If this is who you're going to be, then i don't want to date you right now, and i wont want to date you after the HSC and i wont ever want to date you. I want someone who knows what they want and who they want to be.

Tuesday, July 12, 2011

Just a bunch of everything

I keep getting this feeling, every time i see something to do with you. It's like a sharp stabbing feeling, usually followed by my tummy twirling and making me feel sick; it's really weird. Maybe this makes you happy to hear, because i bet you were really angry and upset about my decision. But it doesn't really matter though--these stabbing feelings are eventually going to disappear and nothing you can say or do can hurt me.

Today i had a wonderful day; i realised just how important friends are and how much they can uplift you. I also love my job so much and i'm going to be sad when Ian and Jo leave because then i wont get to work with them and jason anymore :( But i guess change is an inevitable part of life and we'll all get over it.


On friday my friend told me that he wants to become an astronaut, which i thought was mega awesome :) He's so determined to achieve his goals which sort of motivates me to study harder so that i will be able to do what i want to do some day. (I will be happy when the UMAT and the HSC are over though...)


Friday, July 8, 2011

The end of my world


There has only been one other time where i've felt this upset and dissatisfied in my life--it was a few months before i met you. It's like my life is on replay, like this week has happened before. Only this time you're in the picture.
I can't even begin to describe how sad, confused and alone i feel right now. There aren't words adequate enough to describe grief and discontentment. I'm confused because i know that i made the right decision, but all of a sudden everything in my life has turned on me and become unfulfilling. Why?

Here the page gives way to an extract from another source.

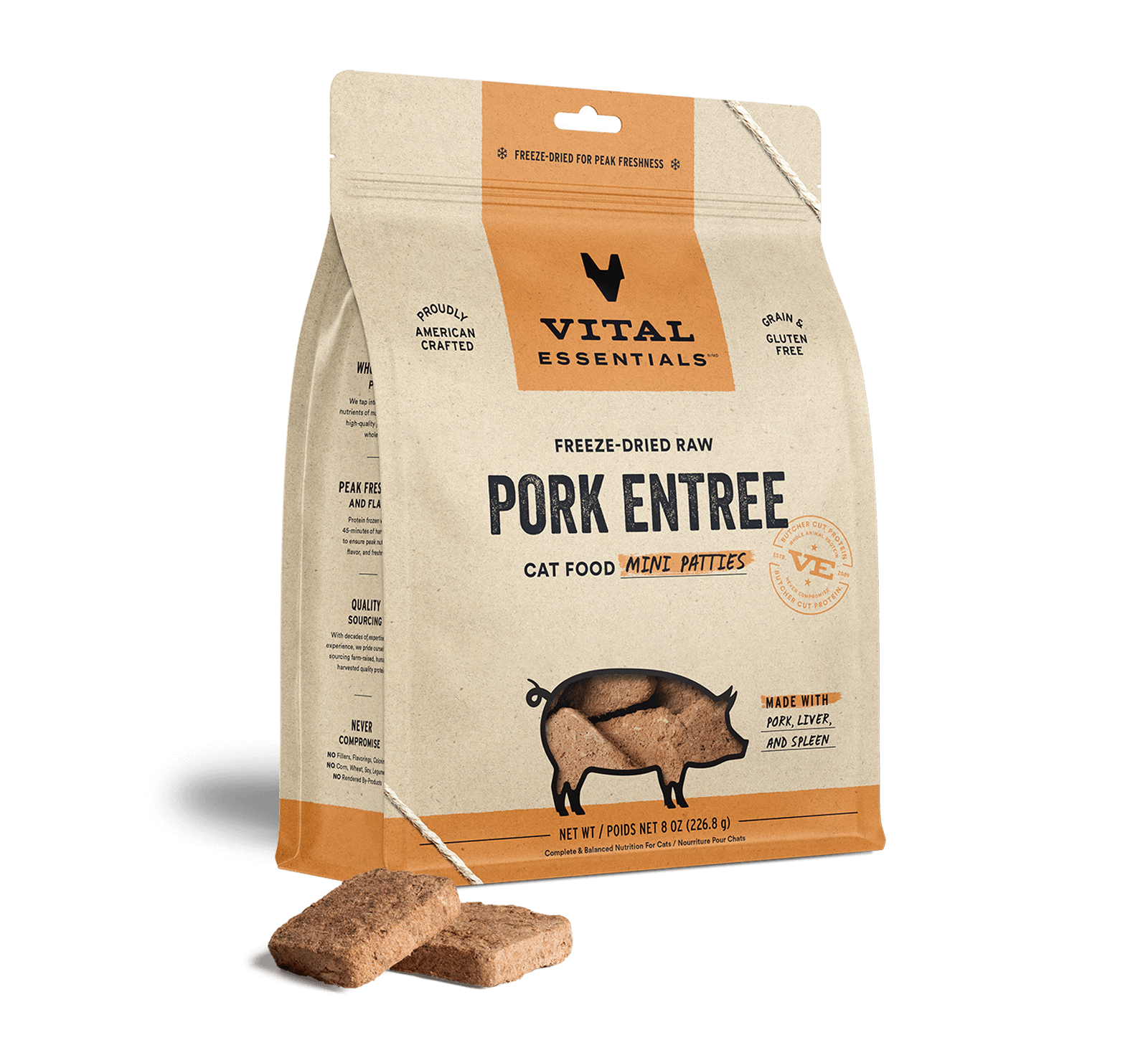 Vital Essentials Freeze Dried Pork Entree Cat Food Mini Patties, 8oz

And the most annoying part of it all is the fact that no one understands how i feel or why i made the decision i made. This makes me feel so alone and insignificant. I feel so alone that i sit in the shopping centre surrounded by hundreds of people and feel disconnected from it all. I hate this feeling. When i talk to people or do the things i've always loved doing, it only brings a temporary happiness, which gradually fades when i'm once again alone by myself.


There's a hole in my heart, where you used to be, and it's difficult to fill. I guess the hole might get smaller, but it'll always be there--I've never loved someone so much in my whole life. I lament the loss of the one that i love, and nothing can quench it. Each night i cry myself to sleep because i missed you the whole day. And naturally, the bad dreams follow too.

I feel like the biggest retard in the world, i can't believe i jump up every time a car drives past just to see if it's you, or wish it would be you when my phone beeps.
I knew it would be difficult without you, but i honestly didn't think that my whole world would crash when you were taken out of it.